Dresd. Magaz. Bd. II., S. 439. sq. Curiosa Sax. 1745. S. 121. sq. Grundig, Samml. z. Nat. Gesch. v. Obersachsen. Bd. I. 3. S. 219. Poet. beh. v. Segnitz. Bd. I. S. 32. sq.

An einigen Orten im alten Churfürstenthum Sachsen war es früher gebräuchlich, am Sonntage Laetare den Tod auszutreiben. Die Knaben machten nämlich aus Stroh eine menschliche Figur, behingen sie mit Lumpen, steckten diesen Popanz an eine Stange und trieben ihn so mit großen Geschrei und unter Absingung eines besondern Reims[1] durch die Stadt. [145] warfen ihn dort in eine Grube und liefen dann eiligst zurück, indem der Aberglaube besagte, daß, wer von den Austreibern hinter den übrigen zurückbliebe, dieser in demselben Jahre noch sterben müsse. Am 28. März des Jahres 1745 haben nun aber an diesem sogenannten Todtensonntage neun Knaben in der Stadt Radeberg den Tod mit großem Geschrei ausgetrieben und bei einem sumpfigen Orte vor der Stadt in eine Grube geworfen, weil sie aber daselbst ein Kraut und Wurzel, die man Schirling nennt, angetroffen, und einer der Knaben, sonder Zweifel mit Eingebung des Satans, diese Wurzel ausgezogen, für eine Möhre gehalten, davon gegessen, auch einigen andern etwas gegeben mit dem Beifügen, daß, wer von der Wurzel esse, wacker laufen könne; allein da, wie bekannt, dieser Schirling pures Gift ist und die Menschen tödtet, so sind alsbald acht dieser Knaben daran erkrankt (der neunte hatte gar nichts davon genossen), auf der Gasse umgefallen, haben stark geblutet, auch einen heftigen Anfall von Epilepsie gehabt. Vier von denselben, die von der Wurzel wirklich gegessen, sind noch diesen Abend verstorben, einer hat noch bis den andern Tag gelebt, drei andere aber, denen man sogleich mit dienlichen Medicamenten beigesprungen, haben zwar lange krank gelegen, sind aber am Leben erhalten worden. Merkwürdig ist es übrigens, daß alle diese Knaben an dem erwähnten Todtensonntag Mittags um 1 Uhr mit Samuel Gläntzel’s Leiche zu Grabe gegangen [146] waren, dann haben sie gegen 4 und 5 Uhr jenen Unfug vorgenommen und Abends gegen 8 Uhr sind die ersten vier schon todt gewesen.
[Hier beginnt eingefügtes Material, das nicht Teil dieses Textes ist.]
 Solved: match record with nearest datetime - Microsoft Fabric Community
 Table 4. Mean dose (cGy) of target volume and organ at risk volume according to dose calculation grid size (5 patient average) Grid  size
  1. Nach B. Schnurr, Kunst-, Haus- und Wunderbuch, Frkfrt. a. M. 1690. 8. S. 127. lautete dieser Reim also:

    Nun treiben wir den Tod auß,
    Dem alten Juden in seinen Bauch,
    Dem jungen in den Rücken,
    Das ist sein Ungelücke.
    Wir treiben ihn über Berg und tieffe Thal,
    Daß er nicht wieder kommen soll,
    Wir treiben ihn über die Hayde,
    Das thun wir den Schäfern zu Leyde.

    Darnach kamen sie wieder zu Hause und sangen:

    Nun haben wir den Tod hinauß getrieben,
    Und bringen den lieben Sommer wieder,
    Den Sommer und auch den Meyen,
    Der Blümelein sind mancherleyen.

    Uebrigens sang man diesen Reim an verschiedenen Orten immer anders, z. B.:

    Nun treiben wir den Tod hinaus
    Den alten Juden/Weibern in das Hauß
    Den jungen/reichen in den Kasten
    Morgen wollen wir fasten.

    [145] Eine andere Version ist folgende:

    Wir tragen den alten Thor hinaus
    Hinters alte Hirtenhaus,
    Wir haben den Sommer nun gewonnen
    Und Krode’s Nacht ist weggekommen.

    Bei J. Chr. Hellbach, Archiv v. u. f. Schwarzburg 1787. Nachr. p. 51.

    Bekanntlich hat Luther selbst für die Kinder zu diesem Zwecke ein Lied von 7 4zeiligen Strophen gedichtet: Nun treiben wir den Pabst heraus etc., welches bei R. Chr. Hilscher, Curiose Gedanken Von dem Gebrauche am Sonntage Laetare Welchen man insgemein nennet Den Todt austreiben. A. d. Lat. übers. d. M. M. Dresd. u. Lpzg. 1701. 8. S. 39. sq. abgedruckt ist.